Devy menjelaskan, peristiwa penganiayaan itu terjadi pada Selasa (24/8/2021) malam saat PB pulang kerja. Lelaki yang kerja serabutan itu pulang dalam kondisi lapar. Ia kemudian melihat meja makan terdapat ikan yang sudah ia simpan sejak sore hari untuk makan malamnya tersisa setengah bagian.
PB menuduh anaknya yang memakan lauk ikan itu karena memang mereka tinggal berdua saja. Istrinya yang sakit harus dirawat di rumah keluarganya di desa yang cukup jauh.
Saat diperiksa pelaku mengakui perbuatannya menganiaya anak kandungnya sendiri, persoalannya itu karena jatah lauk yang dimakan anaknya.
PB, lanjut Devy, kemudian menendang perut korban dengan lututnya hingga korban tersungkur lalu muntah. Tak selesai sampai di situ, pelaku kemudian menginjak kaki korban dan dilanjutkan dengan memukul rahang korban. ”Leher anak kandungnya pun sempat dicakar dan dicekik,” ungkapnya.
Pelaku merasa belum puas, dijewernya telinga kiri korban dengan keras lalu memukul sekali lagi wajah korban yang tak lain adalah anak kandungnya sendiri.
”Sebelum kejadian itu, beberapa hari sebelumnya ia juga pernah memukul lengan anaknya hingga bengkok dan bentuknya kini tidak normal lagi,” kata Devy.

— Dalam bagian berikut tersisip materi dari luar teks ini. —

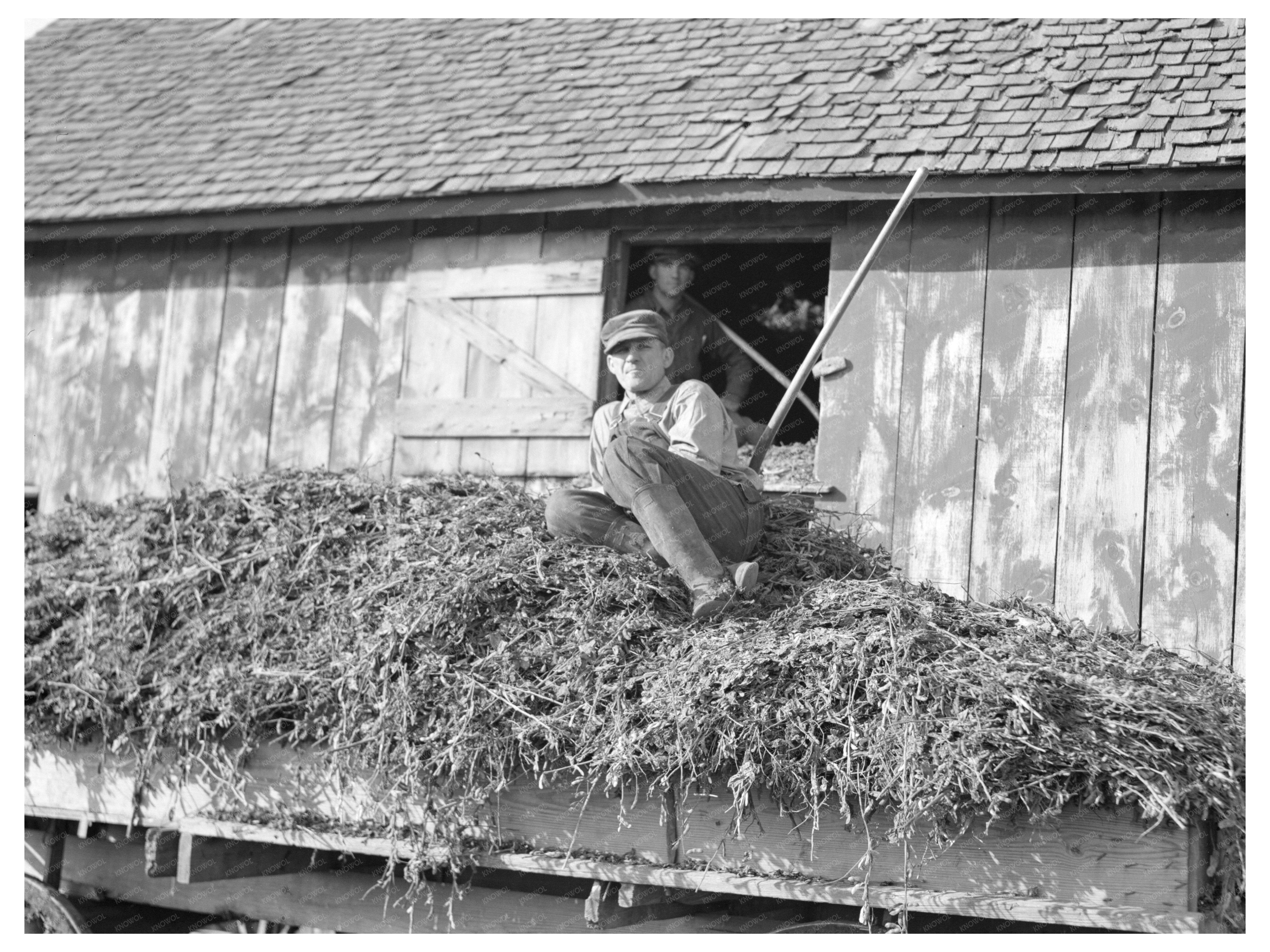 August Feck with Soybean Hay on Farm Indiana 1937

Devy mengungkapkan, pihaknya kemudian membawa korban ke rumah sakit mencoba menghubungi keluarganya yang lain untuk menemani korban. Saat ini anak itu sedang dalam perawatan.

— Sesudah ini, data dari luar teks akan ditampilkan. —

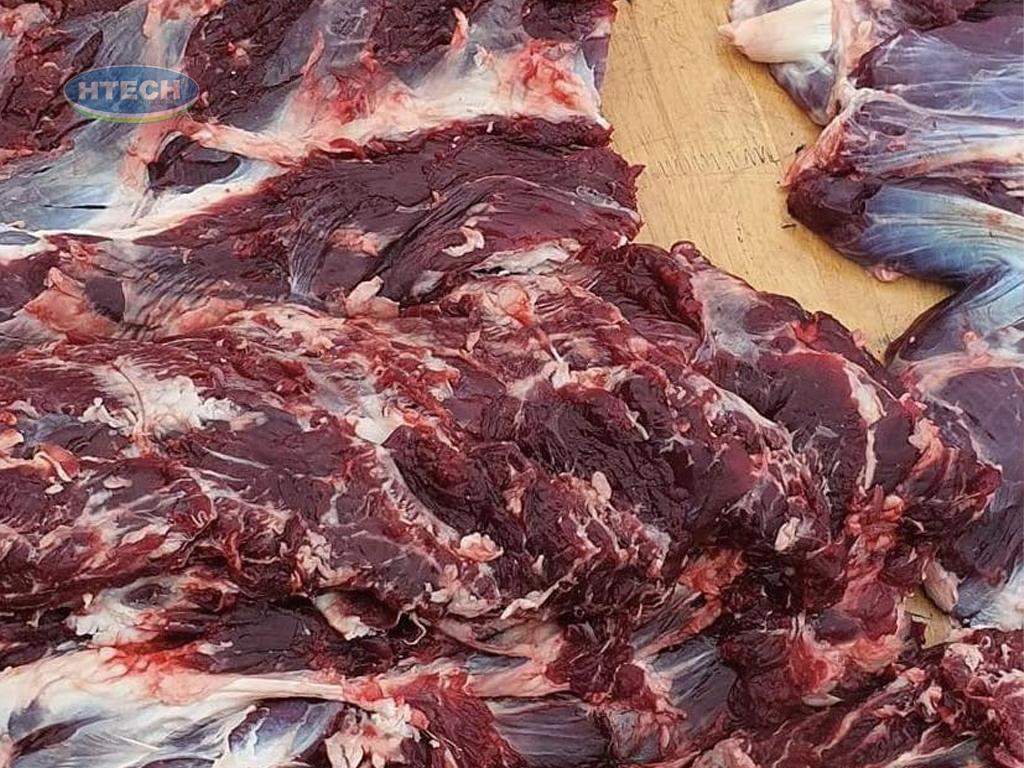 cach-chon-thit-trau-tuoi-ngon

Pelaku disangka melanggar Pasal 44 Ayat (1) Undang Undang RI Nomor 23 Tahun 2004 tentang Penghapusan Kekerasan dalam Rumah Tangga. ”Pelaku diancam pidana lima tahun atau tiga tahun enam bulan penjara,” kata Devy.
Lalu bagaimana nasib B selanjutnya? Kepala Dinas Pemberdayaan Perempuan, Perlindungan Anak, dan Keluarga Berencana (DP3AKB) Kotawaringin Barat Agus Basrawiyanta mengatakan, pihaknya telah menemui nenek korban untuk meminta izin melakukan pendampingan lanjutan kepada korban. ”Kami dampingin hingga pulih fisik maupun kondisi psikis,” ujarnya.
Kesekian kali
Kisah B hanya salah satu kasus. Data dari Humas Polri, terjadi lonjakan kasus kekerasan terhadap anak di masa pandemi. Kepala bagian Penerangan Satuan Pensat Biro Penerangan Masyarakat Polri Komisaris Besar (Kombes) Hendra Rochmawan mengungkapkan, ada tren kenaikan kasus kekerasan pada anak di masa pandemi Covid-19.
Hendra mengambil beberapa sampel. Di Kalimantan Selatan misalnya, pada tahun 2019 jumlah kasus kekerasan anak totalnya 117 kasus dengan jumlah tersangka mencapai 114 orang. Tahun 2020 meningkat menjadi 132 kasus dengan total 134 tersangka. Jumlah tahun 2021 sampai Juni total kasus mencapai 13 kasus dengan jumlah tersangka empat orang.
Di Sumatera Barat pada tahun 2020 terdapat 362 kasus kekerasan anak, lalu pada tahun 2021 terdapat 221 kasus hingga Juni. Sementara di Kalimantan Tengah pada tahun 2020 terdapat 32 kasus dengan 32 tersangka dan meningkat tahun 2021 dengan jumlah 64 kasus hingga Juni. ”Tahun ini kan belum selesai jadi memang selalu ada kemungkinan meningkat,” ujar Hendra Rochmawan.
Kekerasan di masa pandemi Covid-19 meningkat kemungkinan karena banyaknya orang yang depresi karena kehilangan pekerjaan. Sebagian dari mereka akhirnya melampiaskan emosinya ke orang-orang terdekat mereka.
Dalam kasus ini, PB telah merenggut masa bermain dan merusak hubungan spesial anak lelaki dan ayah. Si anak yang identitasnya dirahasiakan tak hanya merana karena rasa sakit di tubuhnya, tetapi juga di hati.
Kini hal yang perlu diupayakan adalah nasib anak pascapenanganan hukum. Selayaknya anak, B harusnya mendapatkan tempat yang ”hangat” agar kejadian itu tak terulang dan traumanya terobati.